Restate, word for word, the lines from the opening line of the data through the line containing "гвозди мебельные бронзированные", both included, and nothing else.

——

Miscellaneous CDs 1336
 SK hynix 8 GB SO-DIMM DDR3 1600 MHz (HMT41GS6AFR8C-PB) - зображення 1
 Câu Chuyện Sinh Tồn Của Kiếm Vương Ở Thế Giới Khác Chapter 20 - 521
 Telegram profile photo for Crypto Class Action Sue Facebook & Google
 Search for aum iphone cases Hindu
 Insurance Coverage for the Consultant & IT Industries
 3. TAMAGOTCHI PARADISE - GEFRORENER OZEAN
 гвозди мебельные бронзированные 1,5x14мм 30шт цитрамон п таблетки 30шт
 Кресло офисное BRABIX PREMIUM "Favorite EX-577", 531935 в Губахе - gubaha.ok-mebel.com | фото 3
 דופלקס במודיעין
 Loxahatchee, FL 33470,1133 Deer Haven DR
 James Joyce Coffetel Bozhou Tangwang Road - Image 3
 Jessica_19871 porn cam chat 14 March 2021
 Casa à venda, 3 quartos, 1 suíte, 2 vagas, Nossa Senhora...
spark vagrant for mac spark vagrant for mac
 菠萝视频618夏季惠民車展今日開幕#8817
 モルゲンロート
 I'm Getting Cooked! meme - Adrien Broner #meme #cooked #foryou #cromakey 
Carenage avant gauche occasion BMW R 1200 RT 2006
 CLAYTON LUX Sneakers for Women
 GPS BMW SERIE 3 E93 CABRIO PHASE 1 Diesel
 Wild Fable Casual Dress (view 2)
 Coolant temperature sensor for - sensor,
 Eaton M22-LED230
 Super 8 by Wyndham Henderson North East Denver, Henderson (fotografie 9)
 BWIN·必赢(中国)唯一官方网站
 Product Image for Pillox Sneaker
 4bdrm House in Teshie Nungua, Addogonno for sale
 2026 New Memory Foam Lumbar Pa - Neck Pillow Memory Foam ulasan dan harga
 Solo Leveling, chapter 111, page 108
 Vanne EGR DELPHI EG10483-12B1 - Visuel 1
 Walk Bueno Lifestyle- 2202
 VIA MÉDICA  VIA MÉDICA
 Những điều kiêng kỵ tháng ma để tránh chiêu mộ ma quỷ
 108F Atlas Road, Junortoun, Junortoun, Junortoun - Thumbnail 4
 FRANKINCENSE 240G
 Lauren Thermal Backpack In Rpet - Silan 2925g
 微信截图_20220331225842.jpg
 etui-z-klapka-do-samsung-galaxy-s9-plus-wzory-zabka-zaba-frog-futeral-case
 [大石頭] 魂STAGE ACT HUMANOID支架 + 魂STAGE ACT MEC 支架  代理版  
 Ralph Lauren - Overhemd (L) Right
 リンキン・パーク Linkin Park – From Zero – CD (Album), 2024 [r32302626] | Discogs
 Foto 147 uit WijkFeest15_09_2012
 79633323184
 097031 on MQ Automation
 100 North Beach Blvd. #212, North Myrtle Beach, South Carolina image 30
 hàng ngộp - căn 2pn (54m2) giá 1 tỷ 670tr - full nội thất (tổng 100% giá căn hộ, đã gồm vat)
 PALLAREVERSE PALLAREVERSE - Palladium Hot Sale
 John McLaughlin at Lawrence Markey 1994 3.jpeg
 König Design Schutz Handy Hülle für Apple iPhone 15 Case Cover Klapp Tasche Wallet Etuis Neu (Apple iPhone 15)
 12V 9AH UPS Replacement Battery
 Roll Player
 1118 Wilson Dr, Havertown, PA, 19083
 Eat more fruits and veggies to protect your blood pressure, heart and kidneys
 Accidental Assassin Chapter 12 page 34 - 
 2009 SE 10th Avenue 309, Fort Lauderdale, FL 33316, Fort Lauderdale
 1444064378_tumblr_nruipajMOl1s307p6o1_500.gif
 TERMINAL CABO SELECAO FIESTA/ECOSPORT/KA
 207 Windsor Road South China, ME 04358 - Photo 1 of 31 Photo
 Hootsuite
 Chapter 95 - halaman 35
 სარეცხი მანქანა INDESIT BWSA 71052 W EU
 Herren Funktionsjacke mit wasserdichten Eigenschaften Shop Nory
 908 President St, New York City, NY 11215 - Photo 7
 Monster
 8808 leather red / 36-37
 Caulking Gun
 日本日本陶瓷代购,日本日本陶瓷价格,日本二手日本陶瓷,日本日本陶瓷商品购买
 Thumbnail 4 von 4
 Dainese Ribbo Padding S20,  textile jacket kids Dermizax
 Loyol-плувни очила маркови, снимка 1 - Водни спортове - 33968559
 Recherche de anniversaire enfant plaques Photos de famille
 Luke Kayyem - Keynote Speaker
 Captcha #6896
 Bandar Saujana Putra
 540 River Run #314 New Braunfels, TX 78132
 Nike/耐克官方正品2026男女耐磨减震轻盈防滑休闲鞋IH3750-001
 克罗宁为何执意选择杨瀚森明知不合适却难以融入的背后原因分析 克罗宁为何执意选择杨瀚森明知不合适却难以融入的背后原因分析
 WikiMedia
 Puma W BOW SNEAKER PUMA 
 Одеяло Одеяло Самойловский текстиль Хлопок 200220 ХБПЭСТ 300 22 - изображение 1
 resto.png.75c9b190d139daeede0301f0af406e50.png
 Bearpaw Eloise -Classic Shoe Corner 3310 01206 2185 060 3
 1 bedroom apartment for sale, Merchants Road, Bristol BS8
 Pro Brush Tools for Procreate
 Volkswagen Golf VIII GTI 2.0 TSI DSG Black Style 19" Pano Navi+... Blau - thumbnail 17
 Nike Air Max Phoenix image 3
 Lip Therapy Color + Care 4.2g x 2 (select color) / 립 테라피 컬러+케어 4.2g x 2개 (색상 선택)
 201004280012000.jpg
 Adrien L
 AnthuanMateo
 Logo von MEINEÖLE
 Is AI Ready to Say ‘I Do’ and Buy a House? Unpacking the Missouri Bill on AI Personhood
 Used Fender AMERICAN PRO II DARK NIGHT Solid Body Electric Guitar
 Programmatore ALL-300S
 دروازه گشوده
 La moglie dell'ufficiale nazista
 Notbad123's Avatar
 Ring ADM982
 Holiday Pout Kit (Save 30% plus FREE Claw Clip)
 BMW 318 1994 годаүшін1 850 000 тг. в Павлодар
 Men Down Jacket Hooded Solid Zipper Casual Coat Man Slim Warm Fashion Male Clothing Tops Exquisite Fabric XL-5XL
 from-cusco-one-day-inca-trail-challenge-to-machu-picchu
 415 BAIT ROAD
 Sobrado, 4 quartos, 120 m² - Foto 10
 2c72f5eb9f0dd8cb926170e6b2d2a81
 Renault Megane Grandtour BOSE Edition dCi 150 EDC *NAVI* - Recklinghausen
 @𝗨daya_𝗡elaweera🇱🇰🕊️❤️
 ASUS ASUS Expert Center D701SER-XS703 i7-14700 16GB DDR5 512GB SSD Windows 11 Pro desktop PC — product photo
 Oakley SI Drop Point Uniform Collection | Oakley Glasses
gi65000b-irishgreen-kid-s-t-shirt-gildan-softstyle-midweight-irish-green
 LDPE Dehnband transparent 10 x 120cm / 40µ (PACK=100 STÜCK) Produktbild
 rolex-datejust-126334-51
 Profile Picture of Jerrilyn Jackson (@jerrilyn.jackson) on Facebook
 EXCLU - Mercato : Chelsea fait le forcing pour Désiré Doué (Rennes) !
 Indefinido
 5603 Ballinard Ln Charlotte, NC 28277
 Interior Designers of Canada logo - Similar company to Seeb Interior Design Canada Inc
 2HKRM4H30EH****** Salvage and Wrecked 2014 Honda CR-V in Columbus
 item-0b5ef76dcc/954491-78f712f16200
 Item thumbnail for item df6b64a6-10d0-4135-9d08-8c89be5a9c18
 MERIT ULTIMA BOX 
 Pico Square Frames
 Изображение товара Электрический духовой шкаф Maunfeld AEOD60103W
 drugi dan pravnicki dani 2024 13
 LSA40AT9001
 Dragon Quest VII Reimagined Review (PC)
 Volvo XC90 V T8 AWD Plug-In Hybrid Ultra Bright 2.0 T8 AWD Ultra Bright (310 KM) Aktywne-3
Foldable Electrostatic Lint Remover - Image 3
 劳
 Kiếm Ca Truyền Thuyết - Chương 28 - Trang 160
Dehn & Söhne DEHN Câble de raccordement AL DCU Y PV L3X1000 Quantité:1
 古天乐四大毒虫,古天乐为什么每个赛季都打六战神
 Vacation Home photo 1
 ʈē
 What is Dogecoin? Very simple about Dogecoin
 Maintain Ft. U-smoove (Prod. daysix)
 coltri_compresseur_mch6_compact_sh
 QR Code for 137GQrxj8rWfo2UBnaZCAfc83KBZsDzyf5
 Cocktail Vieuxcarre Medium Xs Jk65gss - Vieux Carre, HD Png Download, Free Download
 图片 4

——

■ Output of the task:
Miscellaneous CDs 1336
 SK hynix 8 GB SO-DIMM DDR3 1600 MHz (HMT41GS6AFR8C-PB) - зображення 1
 Câu Chuyện Sinh Tồn Của Kiếm Vương Ở Thế Giới Khác Chapter 20 - 521
 Telegram profile photo for Crypto Class Action Sue Facebook & Google
 Search for aum iphone cases Hindu
 Insurance Coverage for the Consultant & IT Industries
 3. TAMAGOTCHI PARADISE - GEFRORENER OZEAN
 гвозди мебельные бронзированные 1,5x14мм 30шт цитрамон п таблетки 30шт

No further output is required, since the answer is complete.